A coalition of pro-life groups has issued a letter to senators asking for a thorough investigation of Kagan and calling for a probe into her comments about partial-birth abortion.

“A nominee to the highest court in the land must meet our nation’s absolute highest standards of integrity and impartiality,” said Charmaine Yoest, president of Americans United for Life Action and the main sponsor of the letter.

“With serious outstanding questions clouding Ms. Kagan’s nomination, we are leading a united effort to ask that the Senate investigate discrepancies between her Senate testimony and the written record on partial-birth abortion before proceeding to a floor vote," she told LifeNews.com today.

Kagan claimed in her hearing "there was no way in which I would have or could have intervened with ACOG .... to get it to change its medical views on the question." Instead, she claimed she was trying to get ACOG to issue a statement that "accurately reflected the views" the organization had reportedly already expressed.

But the coalition letter says that conflicts with the account Kagan provided Clinton officials in a letter about her June 1996 meeting with ACOG.

Kagan wrote that the meeting was "something of a revelation" because ACOG officials informed her that, in the "vast majority of cases, selection of the partial-birth abortion procedure is not necessary to avert serious adverse consequences to a woman's health."

By December, Kagan wrote a memo saying that if ACOG didn't change its position it would be a "disaster" for Clinton, who went on to veto the partial-birth abortion ban claiming it was needed to protect women's health.

She drafted a statement ACOG eventually adopted saying partial-birth abortions "may be the best or most appropriate in a particular circumstance to save the life or preserve the health of a woman." That was the statement the Supreme Court eventually relied on to overturn state bans on the abortion procedure.

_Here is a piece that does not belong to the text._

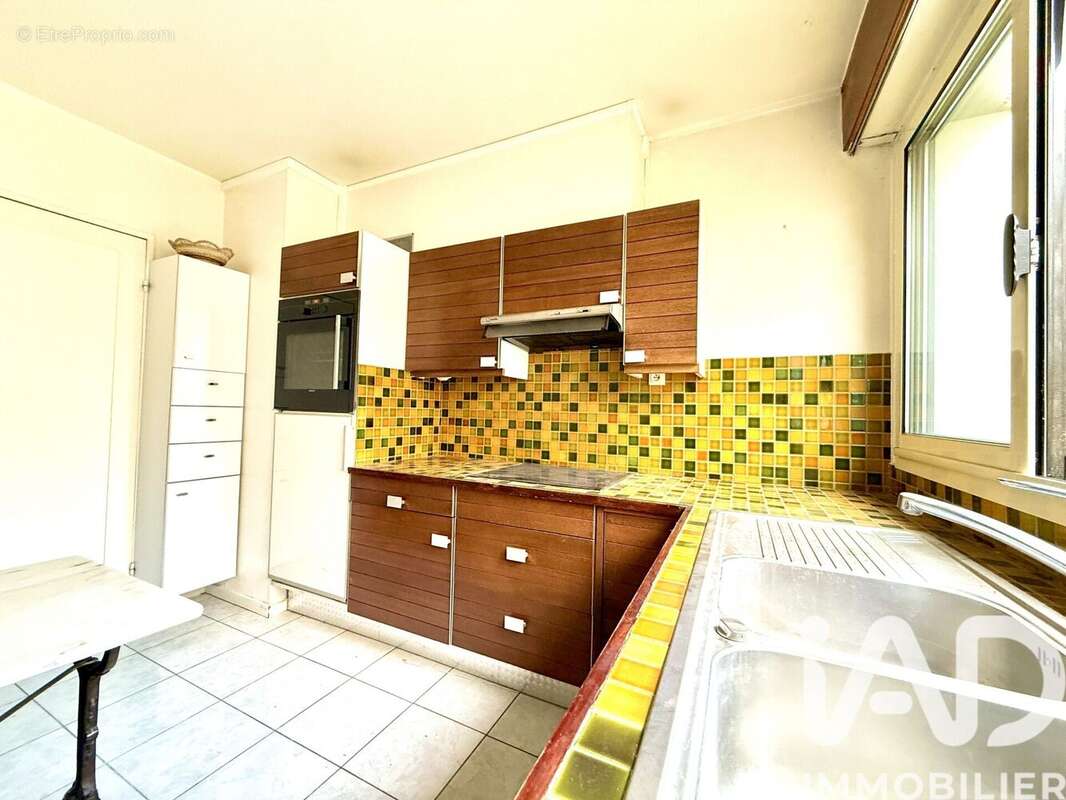 Photo 6 - Appartement à VERRIERES-LE-BUISSON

Kagan also sought to influence the American Medical Association and get the AMA to revise its opinion that partial-birth abortions provide no medical benefit for women.
Earlier this month, AUL released a 54-page report examining Kagan’s role in manipulating the medical statements of the two groups.

Later, former Surgeon General C. Everett Koop issued an open letter to the Senate calling for Kagan’s nomination to be rejected and pointing to the AUL Action report as a resource on this critical issue.

Pro-life groups have described Elena Kagan as the stereotypical judicial activist and abortion advocate.

She clerked for pro-abortion Justice Thurgood Marshall, whom she lauded, and her writings dating back to her college days are filled with accolades for judges who took the law into their hands and twisted it for a desired outcome rather than relying on the people through their elected officials.

Kagan helped Bill Clinton defend his veto of a partial-birth abortion ban -- the gruesome abortion procedure when a baby is birthed halfway and then jabbed in the head with medical scissors, killing him or her. She helped Clinton find political cover for his decision to keep those abortions legal.

Kagan went as far as advocating that the Clinton administration not only ignore but manipulate the opinion of a national medical group that said there was never any medical justification for killing unborn children halfway out of the birth canal.
Kagan has also lauded human cloning and assisted suicide and we can expect those gruesome practices to expand if she becomes the next Supreme Court justice.